10. Drug therapies and medication - Severe
This was mostly due to her refusal of medication and also that some drugs needed to be given as and when to help with her mood/behaviour. She often refused meds in hospital and needed cajoling/persuading to take them.
She is the same now so would score the same. She takes them but makes a right old fuss. There is a covert medication plan in place. Most of her meds are now liquid which makes them easier to swallow but there are a lot of spoonfuls and it takes ages. She really hates it and as she doesn't understand why she needs them it is understandable and heartbreaking. Her meds are steady at present (no as and when) but regularly monitored by care home staff/nurse clinician/GP/Psychiatrist.
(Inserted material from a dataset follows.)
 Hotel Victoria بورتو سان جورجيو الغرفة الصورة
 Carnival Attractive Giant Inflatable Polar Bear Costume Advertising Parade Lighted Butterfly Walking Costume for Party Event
11. Altered states of consciousness - Low
Not sure about this one.
She does drift off sometimes now as described above where she doesn't appear to hear you or see you at all. These episodes are short. Other times she can be very sleepy and really unable to respond. It is hard to know if she hears you or not. She is not at risk though during these episodes being immobile.
12. Other significant care needs to be taken into account - here it was noted that she had a lesion on her lung which may or may not by malignant. She has no symptoms so there was no need to investigate further. Any treatment would be palliative should this develop.
The situation remains the same.
The MDT recommended that mum be granted CHC funding and it went to the panel, who referred it on to the mental health panel. The funding was approved.
Shortly after she moved to the home, she had 18 hours 1:1 care which was reduced to 10 hours and then stopped as she began sleeping at night and became more settled.
It has been an interesting hour or two looking back and seeing how things differ now from this time last year. There have been many ups and downs in between but she has clearly deteriorated bless her. Each time she has us worried though she seems to pick up again, although never quite so much as the last time.
Sorry this is a bit of an essay (I tend to do that). I hope it helps some to understand the assessment process.